◆ What the exercise asks ◆
Take the line with "Blue Floral Chi" and every line after it in the entries below, and set them down exactly, without any pictures.

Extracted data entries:
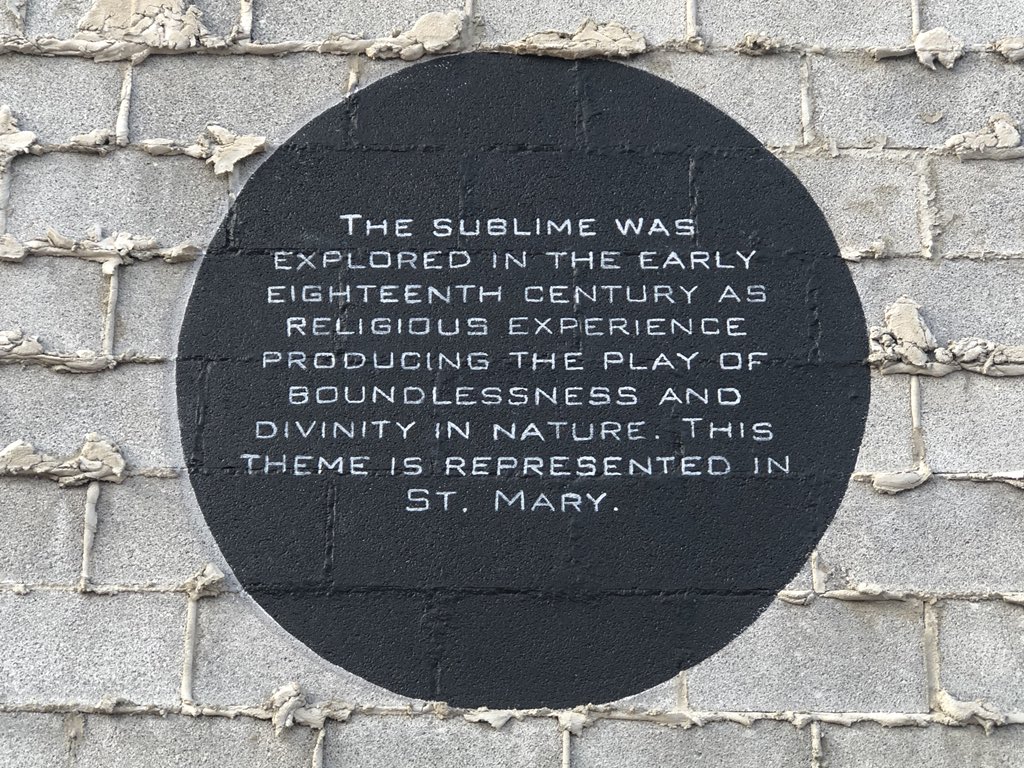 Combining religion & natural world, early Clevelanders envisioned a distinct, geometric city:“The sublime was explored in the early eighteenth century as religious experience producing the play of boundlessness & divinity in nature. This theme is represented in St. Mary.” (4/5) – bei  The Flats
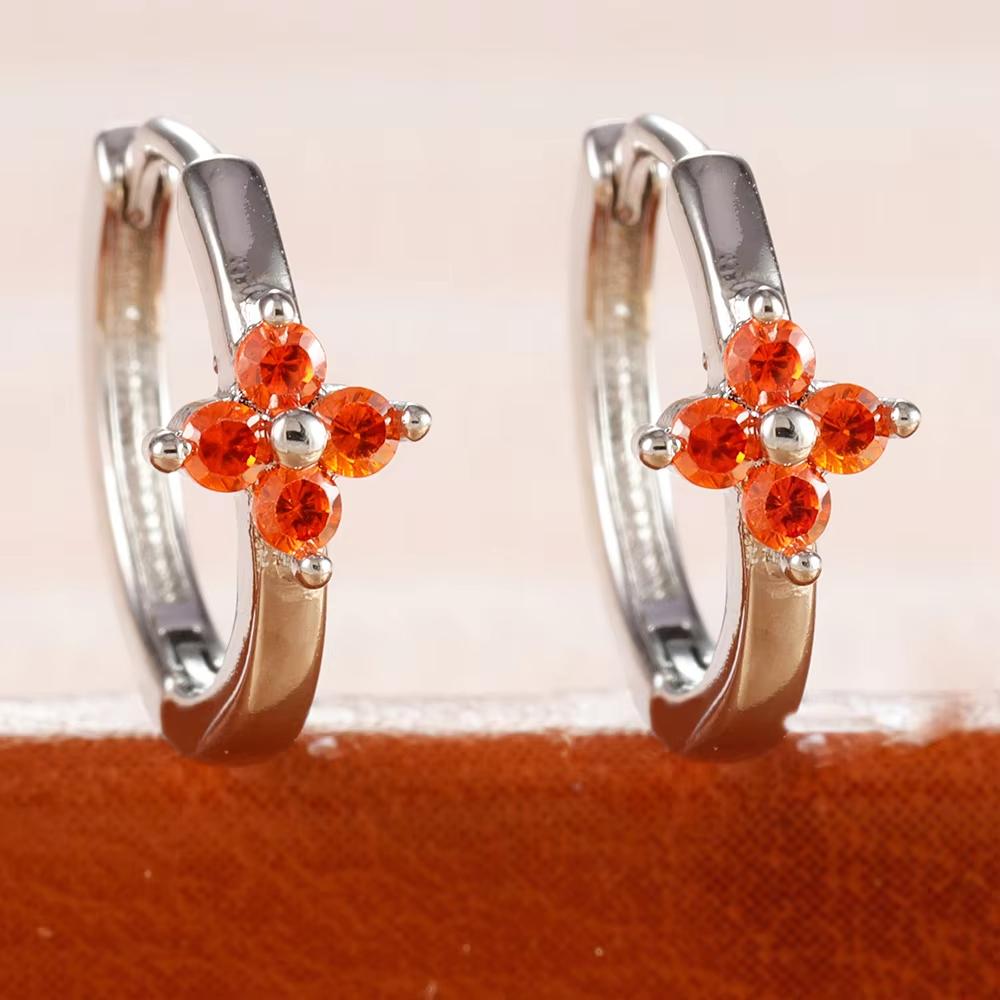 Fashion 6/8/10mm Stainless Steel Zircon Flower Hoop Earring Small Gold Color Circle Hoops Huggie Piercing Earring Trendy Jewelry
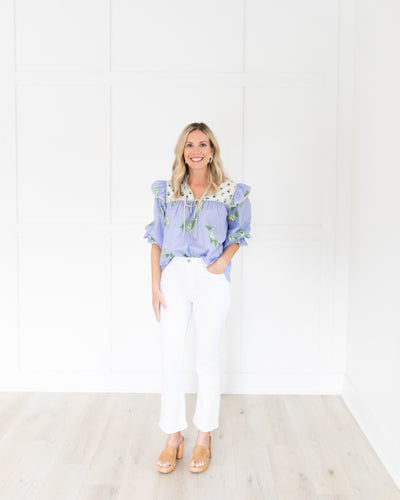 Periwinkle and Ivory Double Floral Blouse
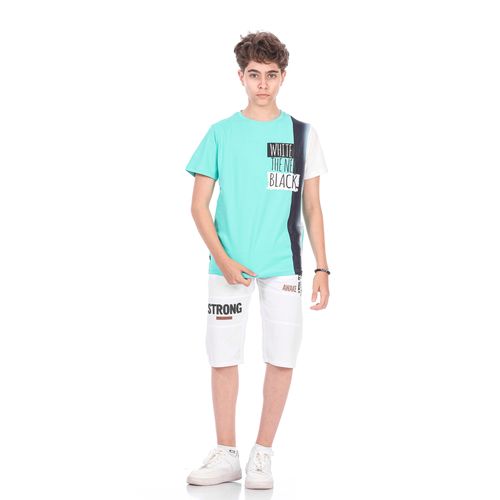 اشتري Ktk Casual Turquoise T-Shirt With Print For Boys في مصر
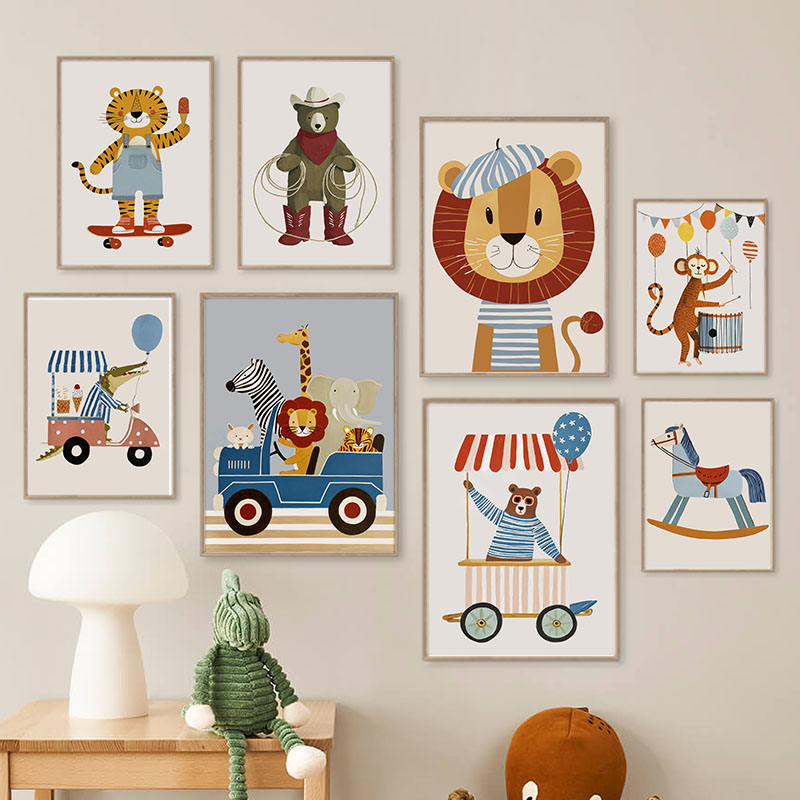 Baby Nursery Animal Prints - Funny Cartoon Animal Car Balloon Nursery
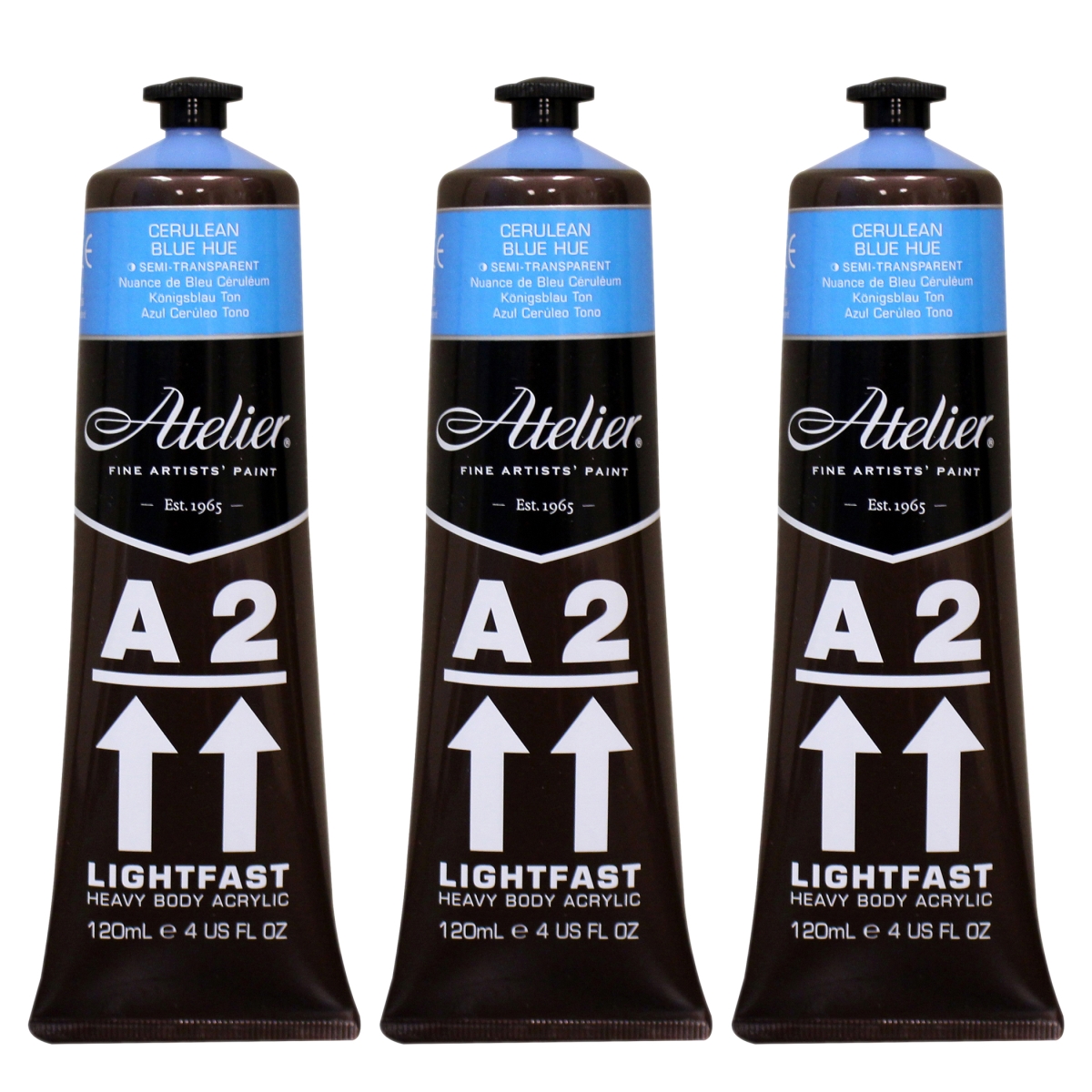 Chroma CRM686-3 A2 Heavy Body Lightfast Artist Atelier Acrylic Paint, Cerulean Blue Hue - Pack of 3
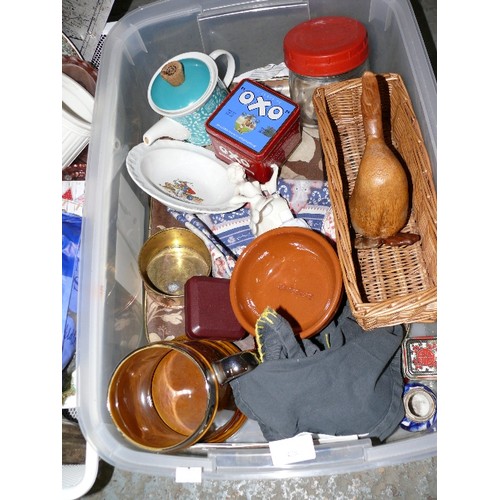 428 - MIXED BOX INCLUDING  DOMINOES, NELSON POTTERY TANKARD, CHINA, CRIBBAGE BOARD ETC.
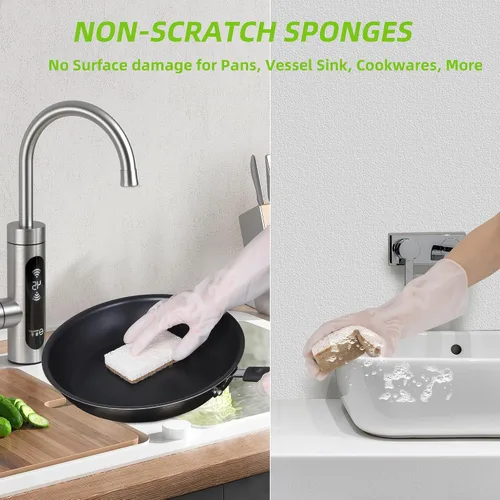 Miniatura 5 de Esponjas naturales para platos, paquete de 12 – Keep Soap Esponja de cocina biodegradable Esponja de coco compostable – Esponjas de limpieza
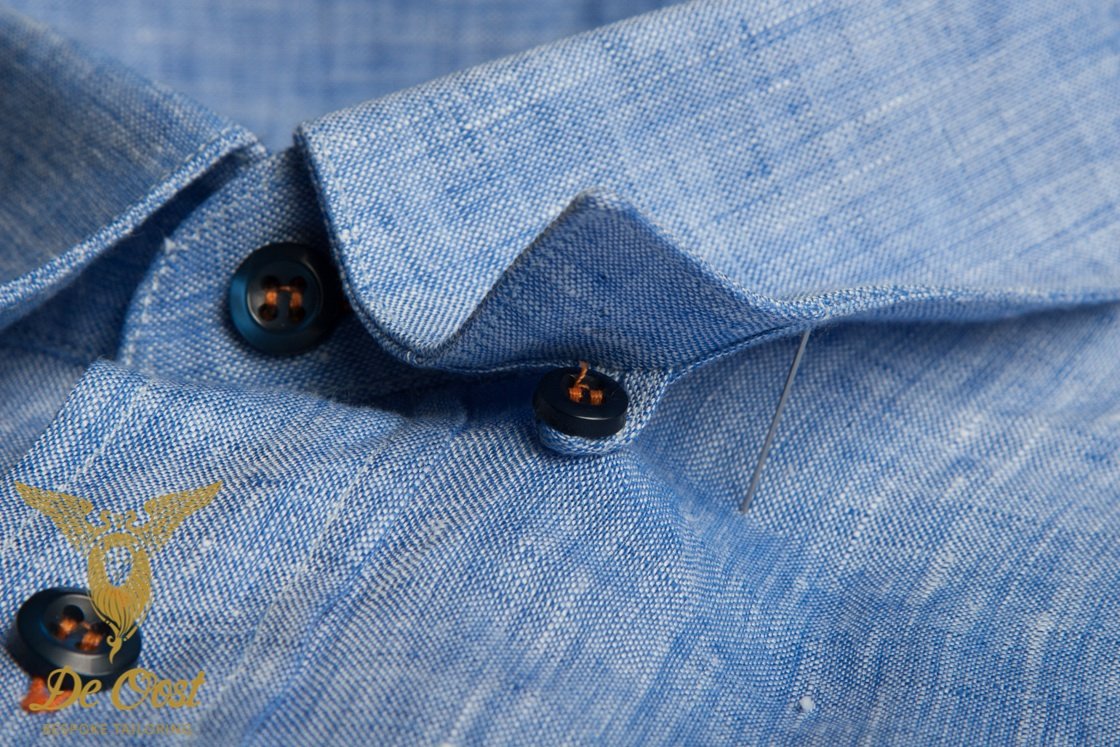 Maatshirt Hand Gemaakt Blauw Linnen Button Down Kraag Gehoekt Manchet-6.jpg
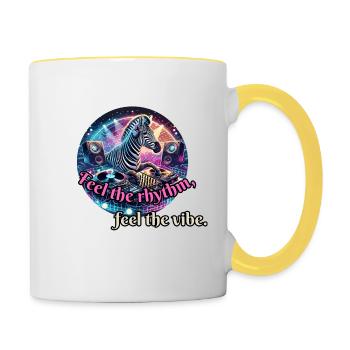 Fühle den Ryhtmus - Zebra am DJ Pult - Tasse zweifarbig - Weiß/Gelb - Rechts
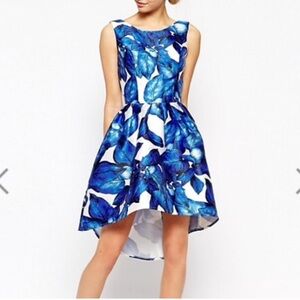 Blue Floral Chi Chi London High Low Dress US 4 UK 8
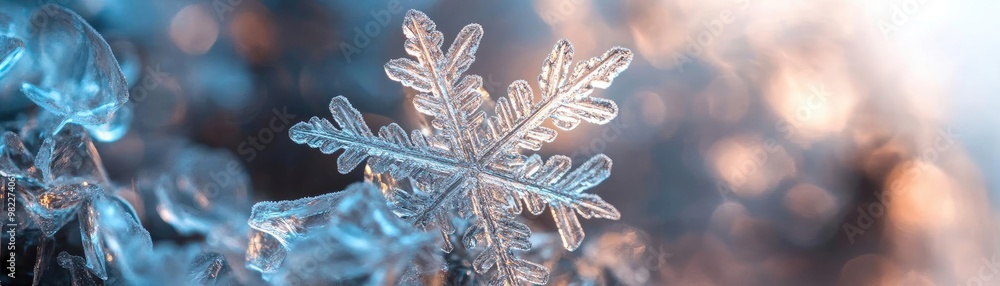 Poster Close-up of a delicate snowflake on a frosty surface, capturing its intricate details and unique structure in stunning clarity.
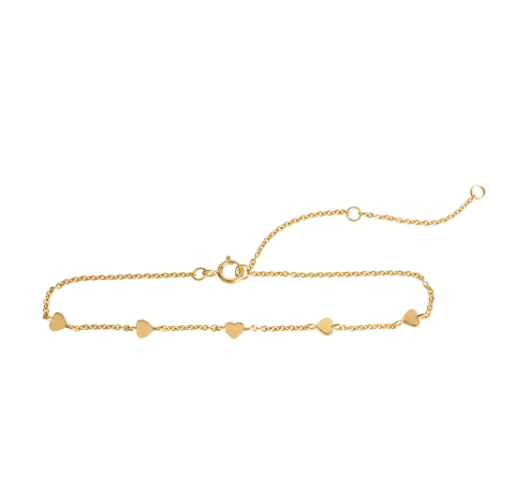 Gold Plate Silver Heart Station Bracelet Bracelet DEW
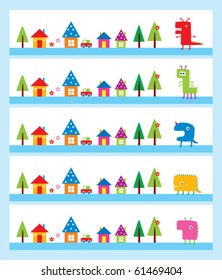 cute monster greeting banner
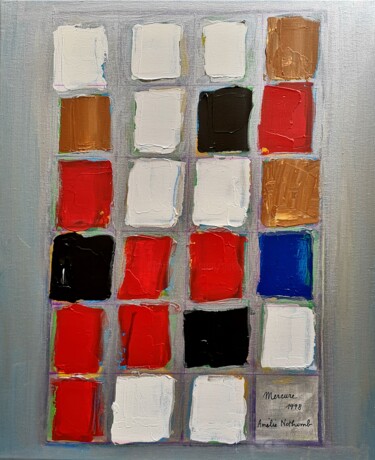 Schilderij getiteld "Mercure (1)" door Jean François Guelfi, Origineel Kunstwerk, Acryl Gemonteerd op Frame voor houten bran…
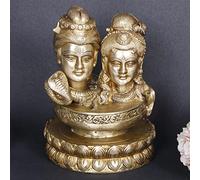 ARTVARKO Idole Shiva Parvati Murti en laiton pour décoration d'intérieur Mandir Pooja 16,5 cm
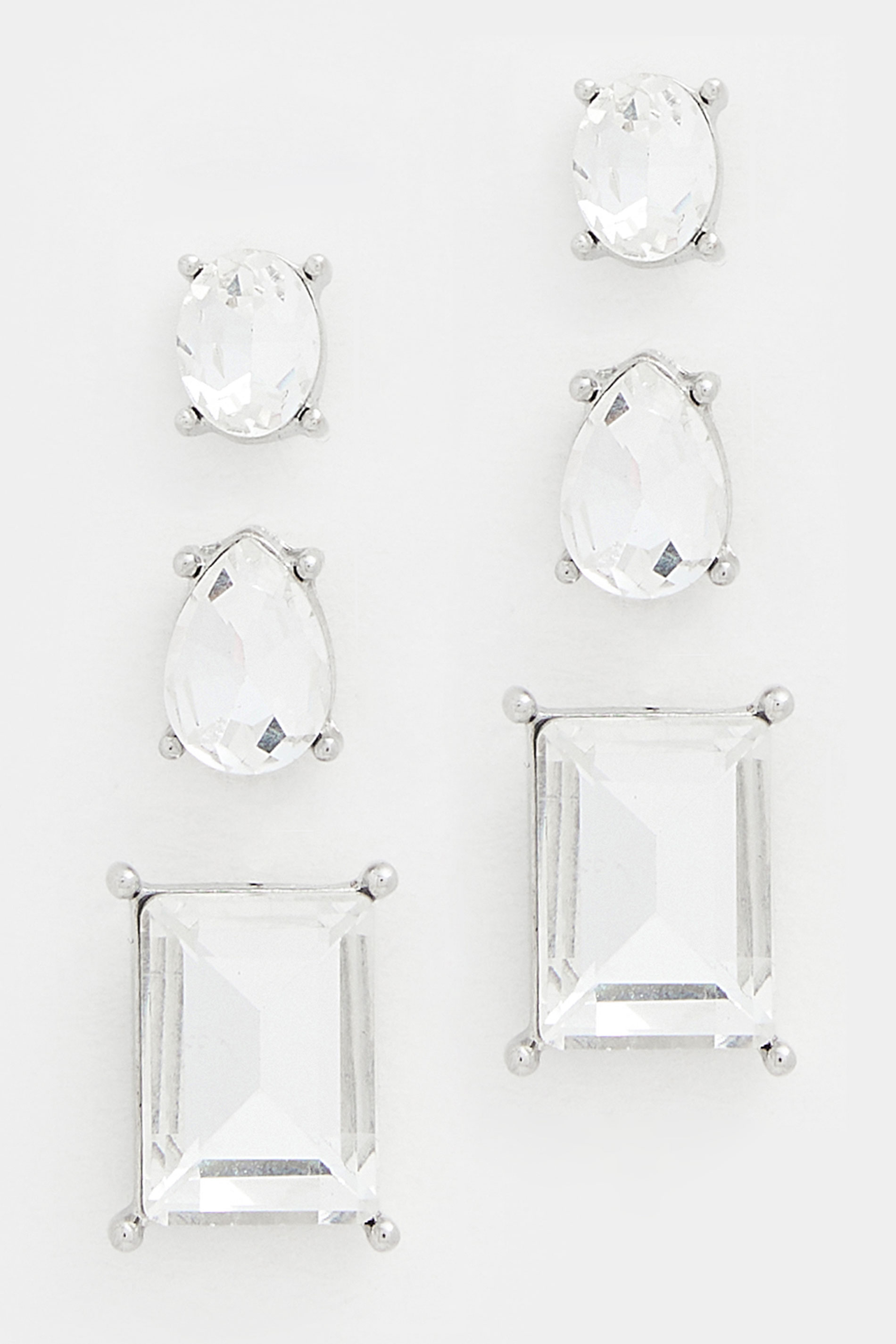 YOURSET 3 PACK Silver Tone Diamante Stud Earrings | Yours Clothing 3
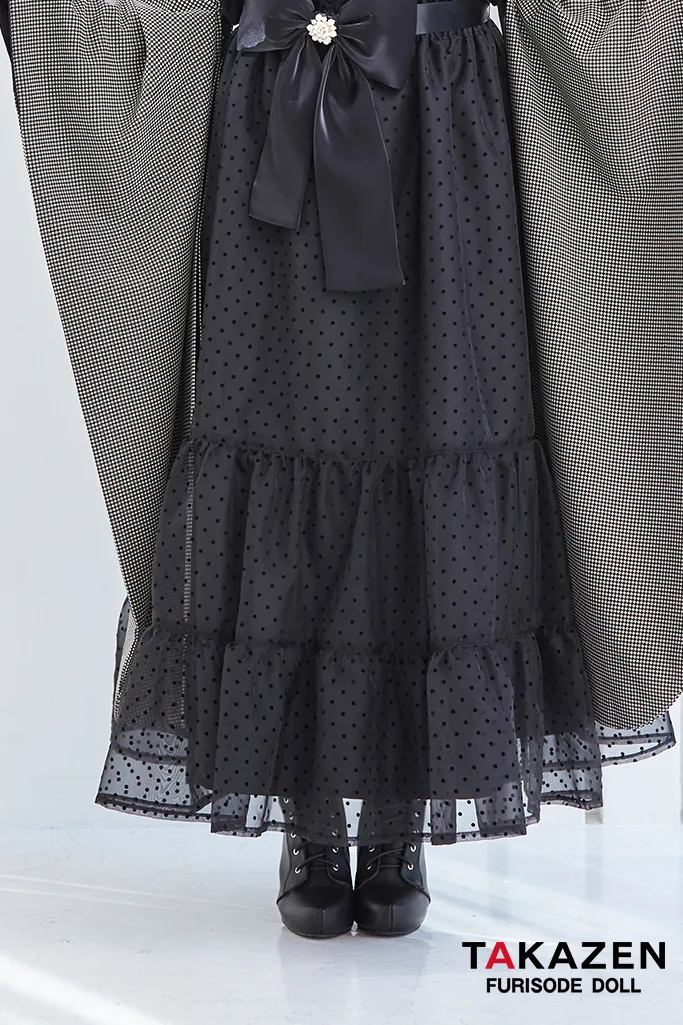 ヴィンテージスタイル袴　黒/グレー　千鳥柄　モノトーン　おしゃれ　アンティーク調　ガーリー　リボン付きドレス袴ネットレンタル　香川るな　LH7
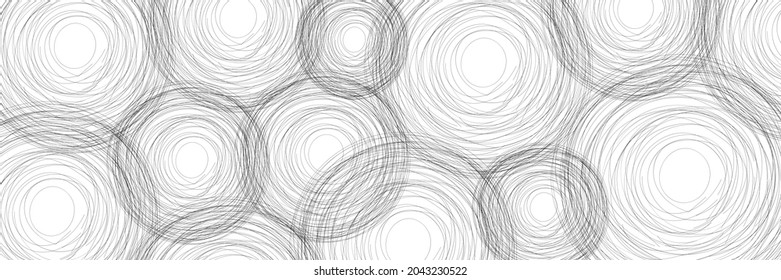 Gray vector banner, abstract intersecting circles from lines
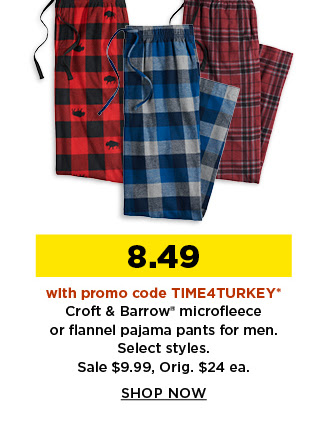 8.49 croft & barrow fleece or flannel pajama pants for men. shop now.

◆ Expected answer ◆
 Blue Floral Chi Chi London High Low Dress US 4 UK 8
 Poster Close-up of a delicate snowflake on a frosty surface, capturing its intricate details and unique structure in stunning clarity.
 Gold Plate Silver Heart Station Bracelet Bracelet DEW
 cute monster greeting banner
 Schilderij getiteld "Mercure (1)" door Jean François Guelfi, Origineel Kunstwerk, Acryl Gemonteerd op Frame voor houten bran…
 ARTVARKO Idole Shiva Parvati Murti en laiton pour décoration d'intérieur Mandir Pooja 16,5 cm
 YOURSET 3 PACK Silver Tone Diamante Stud Earrings | Yours Clothing 3
 ヴィンテージスタイル袴　黒/グレー　千鳥柄　モノトーン　おしゃれ　アンティーク調　ガーリー　リボン付きドレス袴ネットレンタル　香川るな　LH7
 Gray vector banner, abstract intersecting circles from lines
 8.49 croft & barrow fleece or flannel pajama pants for men. shop now.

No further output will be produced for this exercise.